Provided data:
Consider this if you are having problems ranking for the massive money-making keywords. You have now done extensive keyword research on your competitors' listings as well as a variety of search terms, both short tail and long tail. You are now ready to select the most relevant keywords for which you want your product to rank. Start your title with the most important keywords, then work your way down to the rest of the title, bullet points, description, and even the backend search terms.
* * *
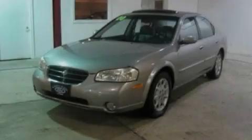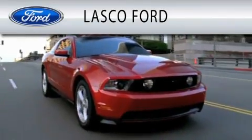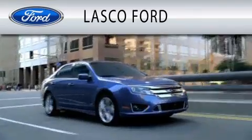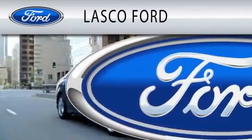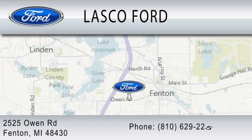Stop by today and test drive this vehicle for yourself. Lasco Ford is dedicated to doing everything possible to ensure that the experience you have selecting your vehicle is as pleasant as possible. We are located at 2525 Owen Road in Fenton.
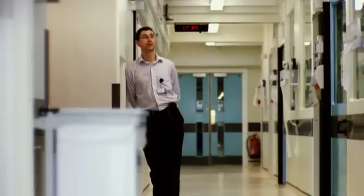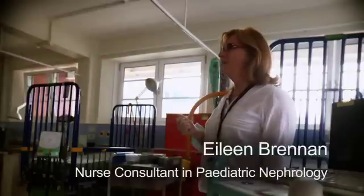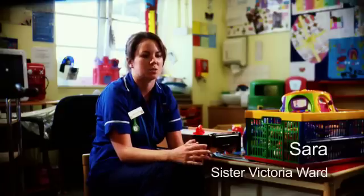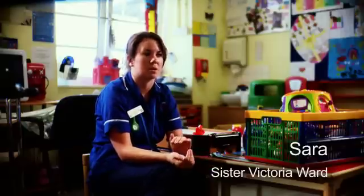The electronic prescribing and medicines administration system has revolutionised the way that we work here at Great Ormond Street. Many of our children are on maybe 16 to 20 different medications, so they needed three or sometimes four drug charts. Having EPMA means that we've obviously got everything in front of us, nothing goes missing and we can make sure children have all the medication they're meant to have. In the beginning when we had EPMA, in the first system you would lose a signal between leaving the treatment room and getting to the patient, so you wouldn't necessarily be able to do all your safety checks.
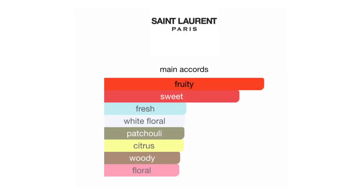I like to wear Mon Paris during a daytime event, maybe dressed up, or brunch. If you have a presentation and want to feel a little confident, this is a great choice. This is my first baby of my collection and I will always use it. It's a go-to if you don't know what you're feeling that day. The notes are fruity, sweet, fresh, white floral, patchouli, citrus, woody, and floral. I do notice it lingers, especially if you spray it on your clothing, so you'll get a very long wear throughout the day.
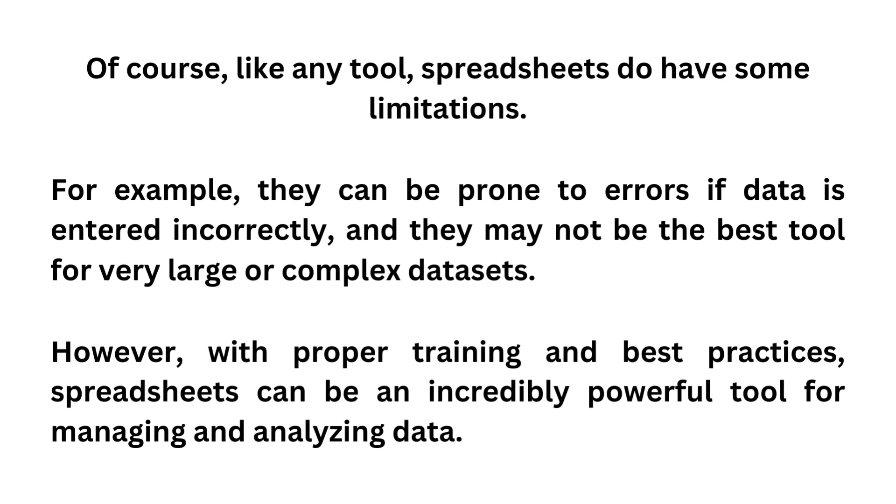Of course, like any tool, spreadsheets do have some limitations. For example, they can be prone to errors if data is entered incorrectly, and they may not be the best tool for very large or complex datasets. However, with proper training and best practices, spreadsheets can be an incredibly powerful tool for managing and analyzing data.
==
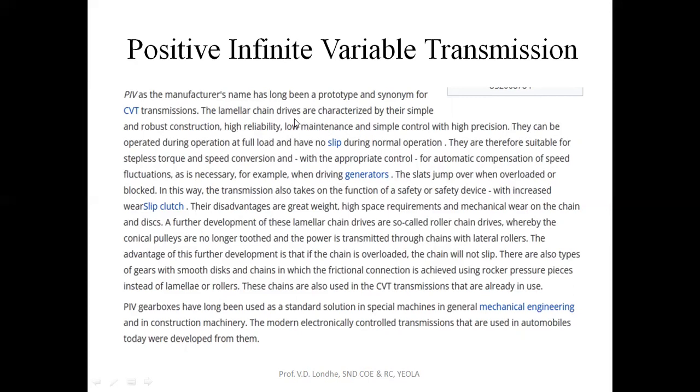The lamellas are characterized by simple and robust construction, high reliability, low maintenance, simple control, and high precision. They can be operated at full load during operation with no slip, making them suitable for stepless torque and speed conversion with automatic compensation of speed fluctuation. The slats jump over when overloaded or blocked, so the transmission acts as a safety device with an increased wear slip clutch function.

Problem to work on: Look above for the line with "Stop by today", then print it and each line after it down to and including the line with "Of course, like". Leave out the pictures and keep the wording exact.

Output of the exercise:
Stop by today and test drive this vehicle for yourself. Lasco Ford is dedicated to doing everything possible to ensure that the experience you have selecting your vehicle is as pleasant as possible. We are located at 2525 Owen Road in Fenton.
The electronic prescribing and medicines administration system has revolutionised the way that we work here at Great Ormond Street. Many of our children are on maybe 16 to 20 different medications, so they needed three or sometimes four drug charts. Having EPMA means that we've obviously got everything in front of us, nothing goes missing and we can make sure children have all the medication they're meant to have. In the beginning when we had EPMA, in the first system you would lose a signal between leaving the treatment room and getting to the patient, so you wouldn't necessarily be able to do all your safety checks.
I like to wear Mon Paris during a daytime event, maybe dressed up, or brunch. If you have a presentation and want to feel a little confident, this is a great choice. This is my first baby of my collection and I will always use it. It's a go-to if you don't know what you're feeling that day. The notes are fruity, sweet, fresh, white floral, patchouli, citrus, woody, and floral. I do notice it lingers, especially if you spray it on your clothing, so you'll get a very long wear throughout the day.
Of course, like any tool, spreadsheets do have some limitations. For example, they can be prone to errors if data is entered incorrectly, and they may not be the best tool for very large or complex datasets. However, with proper training and best practices, spreadsheets can be an incredibly powerful tool for managing and analyzing data.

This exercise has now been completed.